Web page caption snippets
=== Begin Enclosure ===
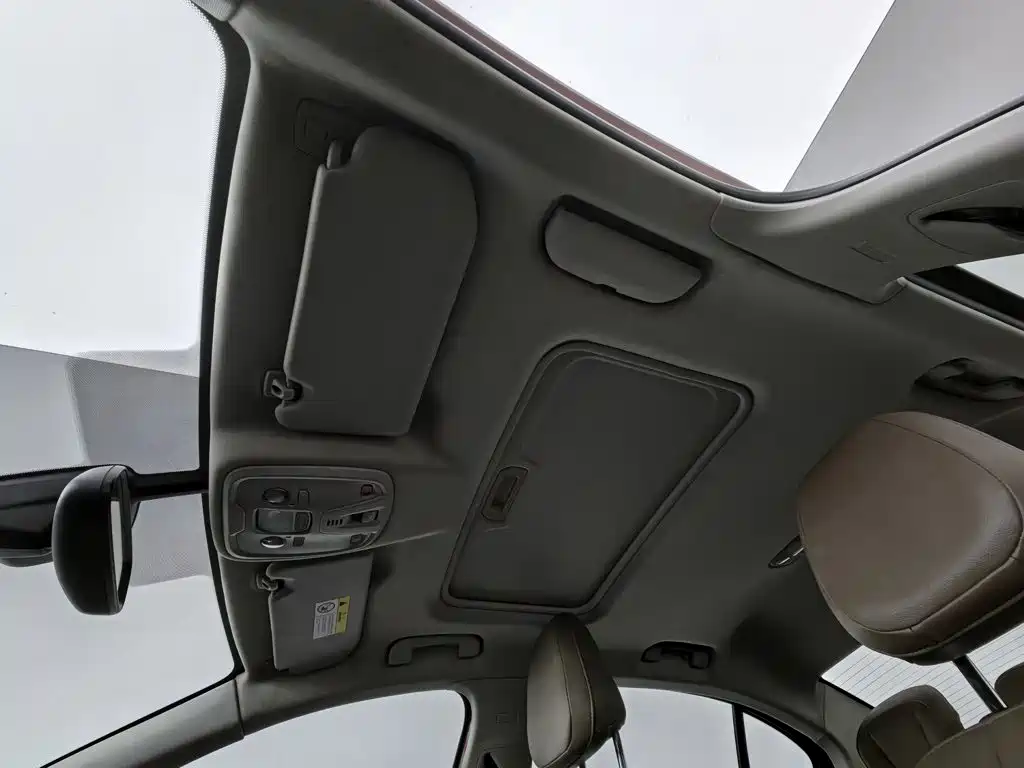 Peugeot 408 — миниатюра 14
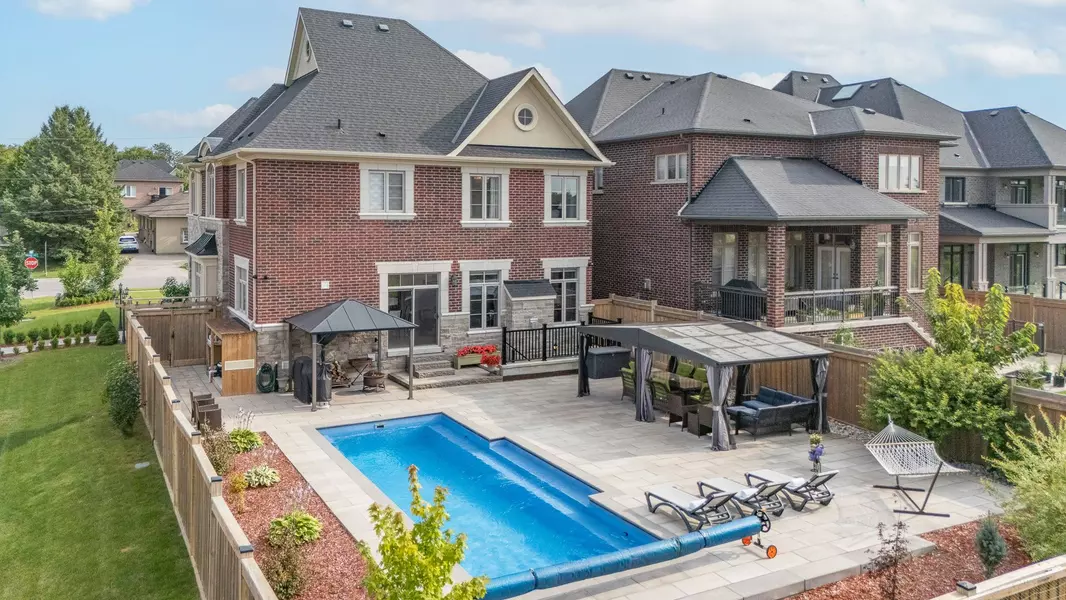 70 Bond CRES, Richmond Hill, ON L4E 3K4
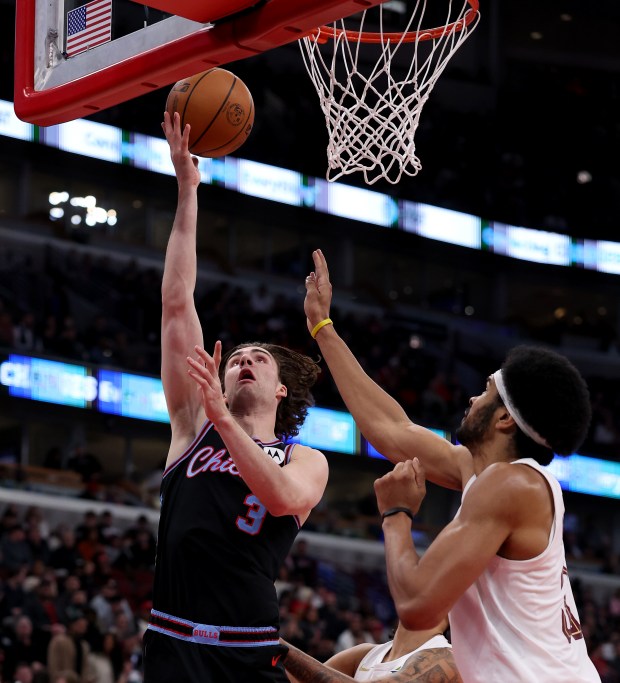 Chicago Bulls guard Josh Giddey (3) scores on a layup in the second half of a game against the Cleveland Cavaliers at the United Center in Chicago on Dec. 17, 2025. (Chris Sweda/Chicago Tribune)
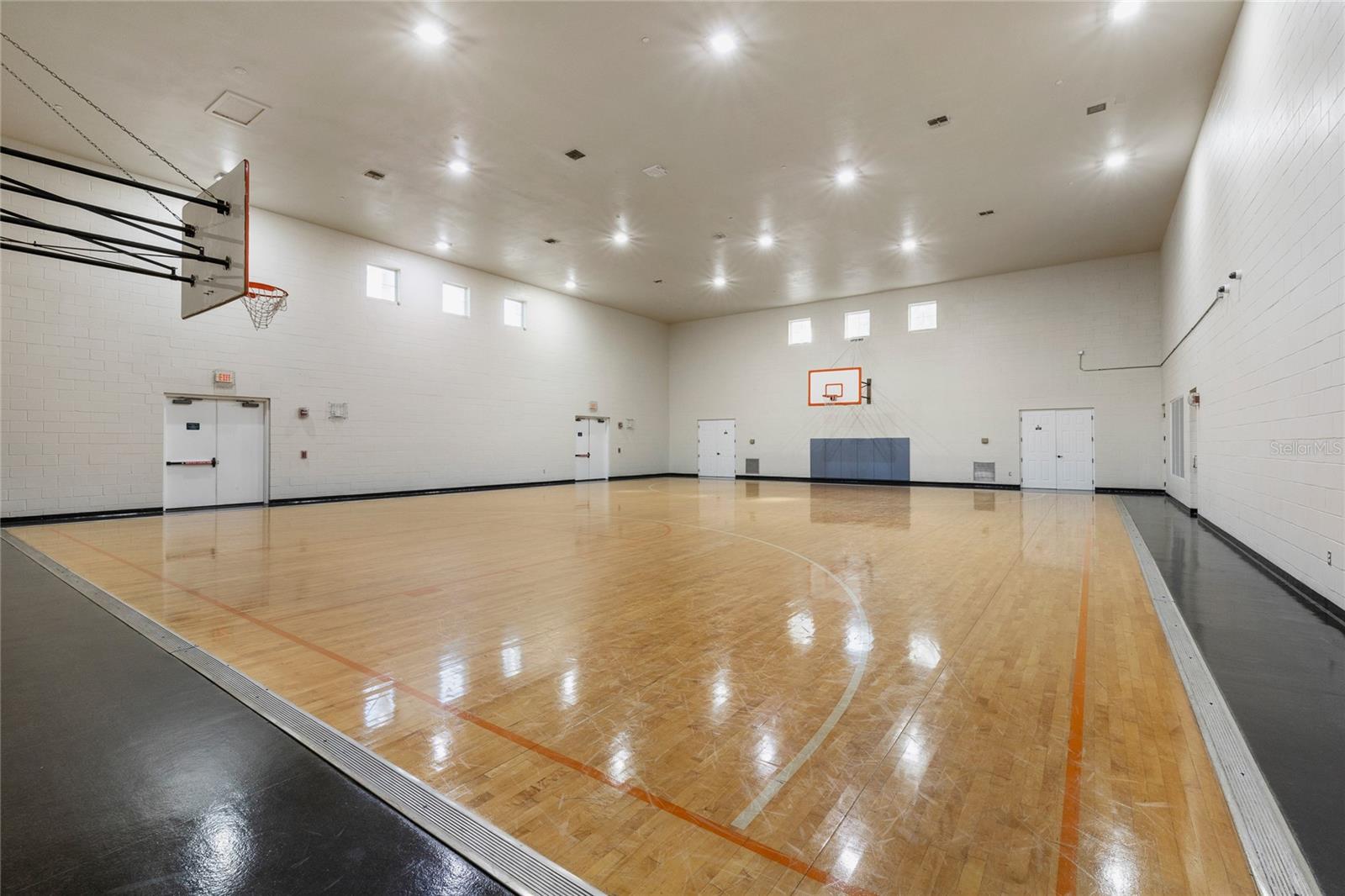 Image 34 of 46 For 431 Southern Pecan Circle 201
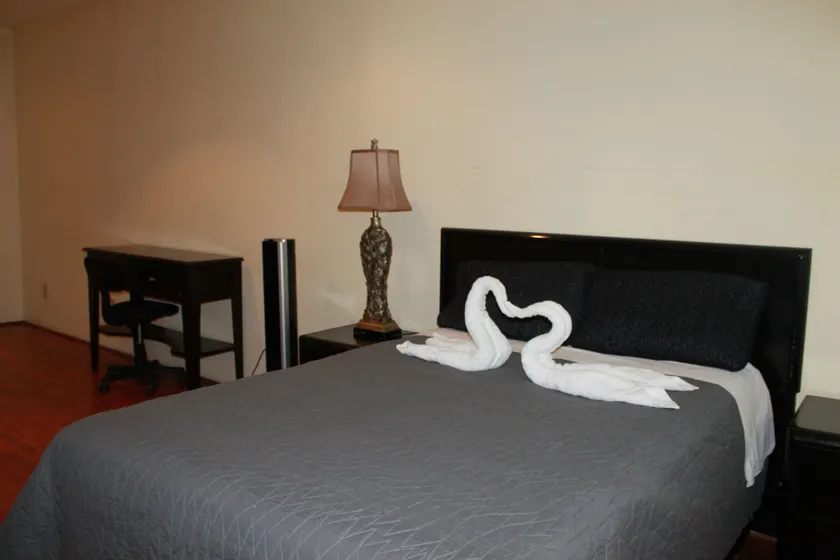 Comfortable and Safe Apartment Including Coffee Service - Image 1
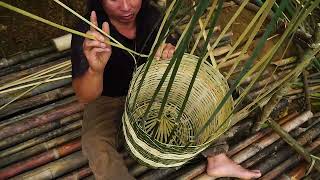 Knitting bamboo fish traps \& Making washing floors: Survival Alone | EP.185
=== End Enclosure ===
Copy every record exactly, but skip the pictures.

 Peugeot 408 — миниатюра 14
 70 Bond CRES, Richmond Hill, ON L4E 3K4
 Chicago Bulls guard Josh Giddey (3) scores on a layup in the second half of a game against the Cleveland Cavaliers at the United Center in Chicago on Dec. 17, 2025. (Chris Sweda/Chicago Tribune)
 Image 34 of 46 For 431 Southern Pecan Circle 201
 Comfortable and Safe Apartment Including Coffee Service - Image 1
 Knitting bamboo fish traps \& Making washing floors: Survival Alone | EP.185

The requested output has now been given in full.